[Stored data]
»»

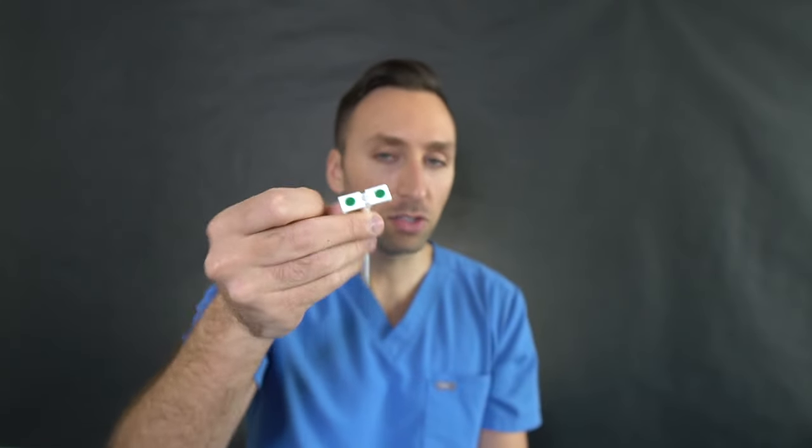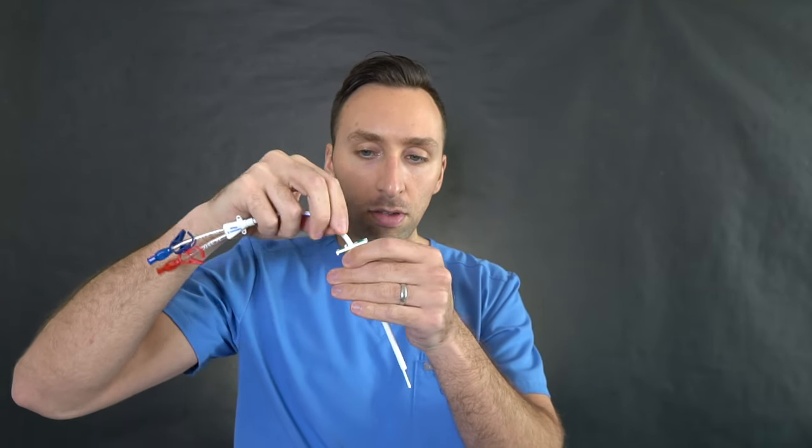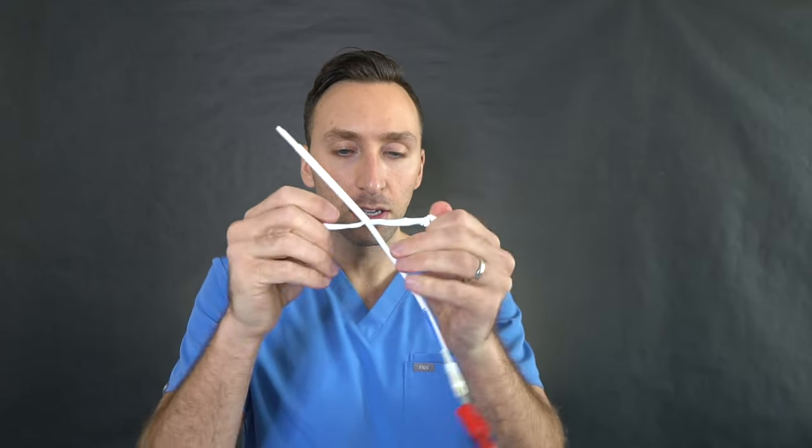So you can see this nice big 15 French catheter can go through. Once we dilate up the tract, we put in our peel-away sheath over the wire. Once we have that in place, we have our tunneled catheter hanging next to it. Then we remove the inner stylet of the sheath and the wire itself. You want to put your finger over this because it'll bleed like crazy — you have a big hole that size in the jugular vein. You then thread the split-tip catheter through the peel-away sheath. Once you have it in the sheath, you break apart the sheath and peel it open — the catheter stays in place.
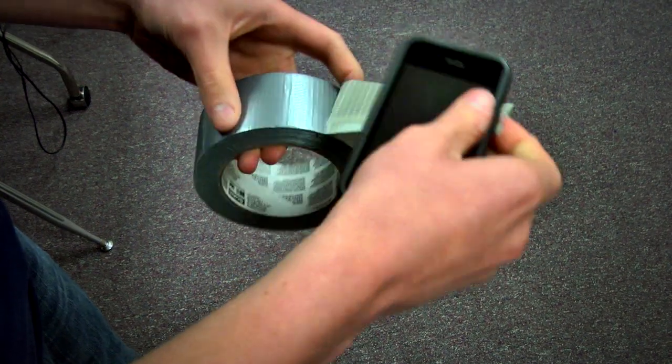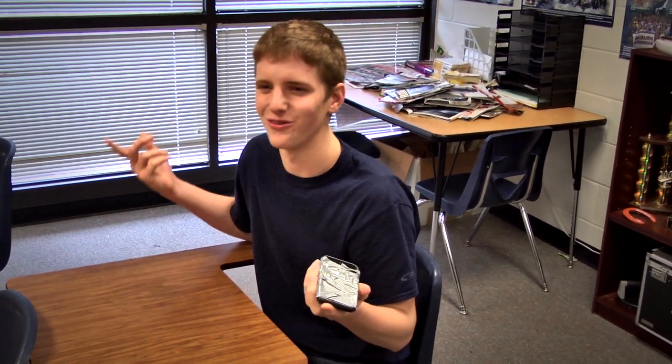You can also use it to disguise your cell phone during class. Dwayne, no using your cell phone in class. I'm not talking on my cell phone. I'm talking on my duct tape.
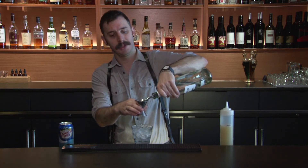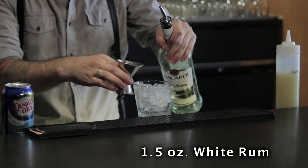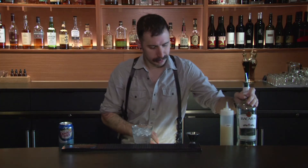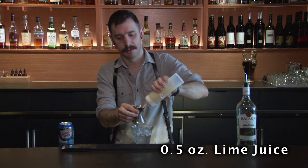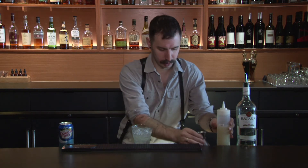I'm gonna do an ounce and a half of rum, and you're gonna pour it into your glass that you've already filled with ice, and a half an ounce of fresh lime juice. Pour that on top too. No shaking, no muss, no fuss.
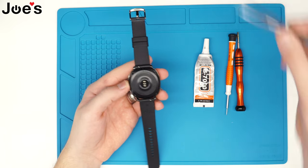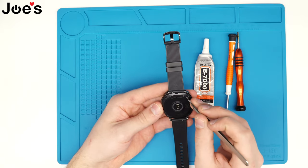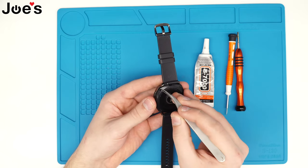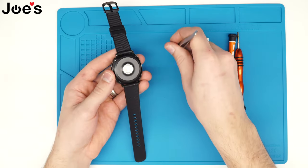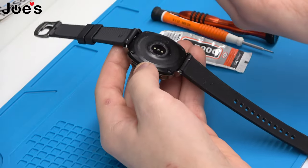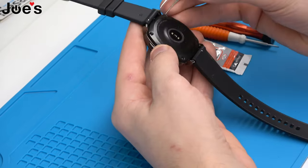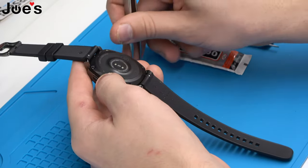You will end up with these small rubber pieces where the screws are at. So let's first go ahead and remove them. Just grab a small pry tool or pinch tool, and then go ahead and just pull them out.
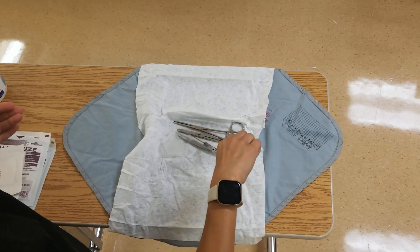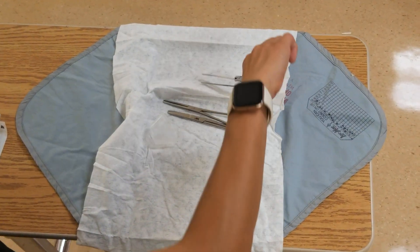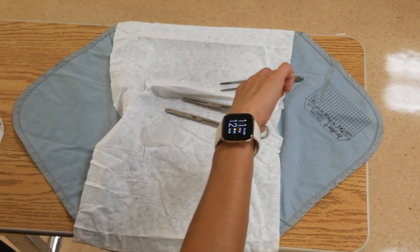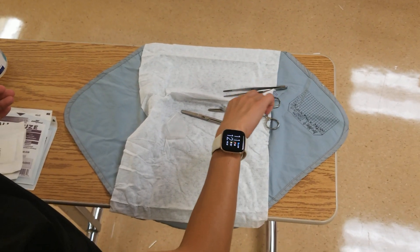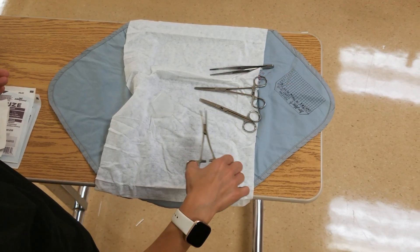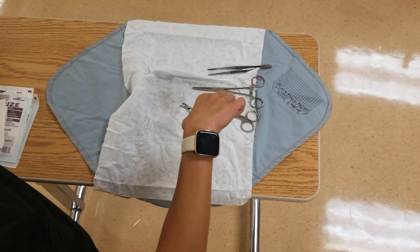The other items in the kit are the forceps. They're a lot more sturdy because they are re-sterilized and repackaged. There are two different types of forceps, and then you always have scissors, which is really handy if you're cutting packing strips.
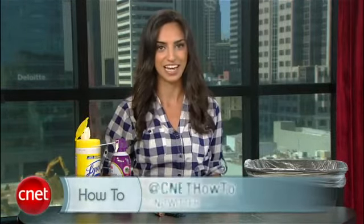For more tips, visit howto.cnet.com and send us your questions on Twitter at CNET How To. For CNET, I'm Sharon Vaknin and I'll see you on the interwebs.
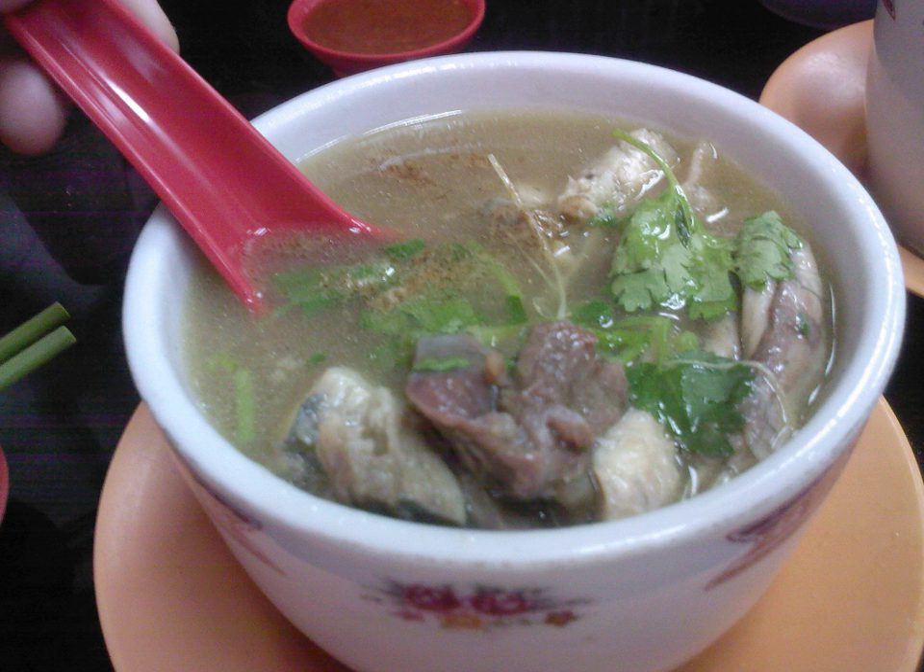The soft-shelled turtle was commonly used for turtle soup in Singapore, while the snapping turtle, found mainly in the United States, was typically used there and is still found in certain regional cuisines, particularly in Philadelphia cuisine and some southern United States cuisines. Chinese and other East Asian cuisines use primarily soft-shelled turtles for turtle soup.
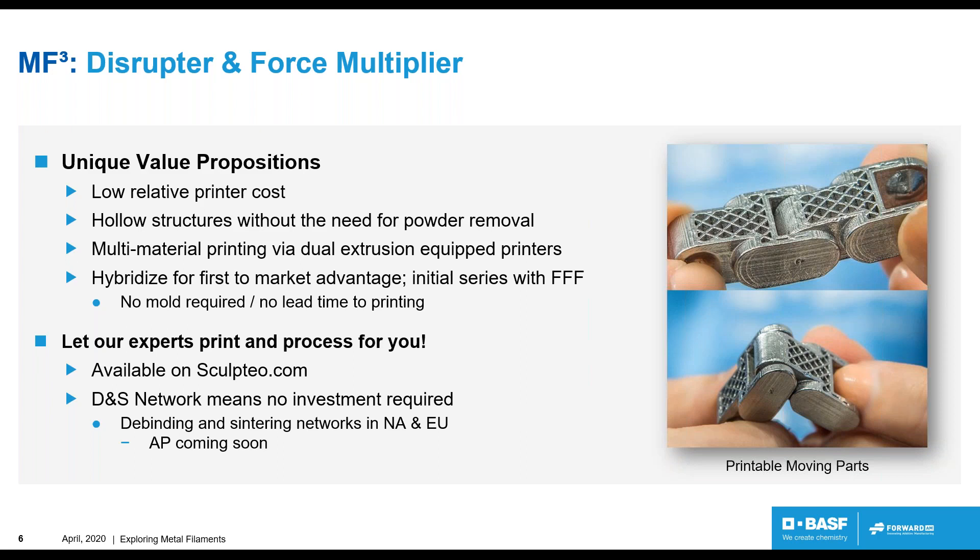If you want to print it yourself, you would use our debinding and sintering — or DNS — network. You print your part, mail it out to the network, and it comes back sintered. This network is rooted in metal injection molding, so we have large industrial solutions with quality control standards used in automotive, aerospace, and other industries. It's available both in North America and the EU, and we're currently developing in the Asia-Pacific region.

««

**Task directions**
Leaving pictures out, output the lines of the data above from the one with "You will end" through the one with "For more tips, visit", word for word.

**Response below**
You will end up with these small rubber pieces where the screws are at. So let's first go ahead and remove them. Just grab a small pry tool or pinch tool, and then go ahead and just pull them out.
The other items in the kit are the forceps. They're a lot more sturdy because they are re-sterilized and repackaged. There are two different types of forceps, and then you always have scissors, which is really handy if you're cutting packing strips.
For more tips, visit howto.cnet.com and send us your questions on Twitter at CNET How To. For CNET, I'm Sharon Vaknin and I'll see you on the interwebs.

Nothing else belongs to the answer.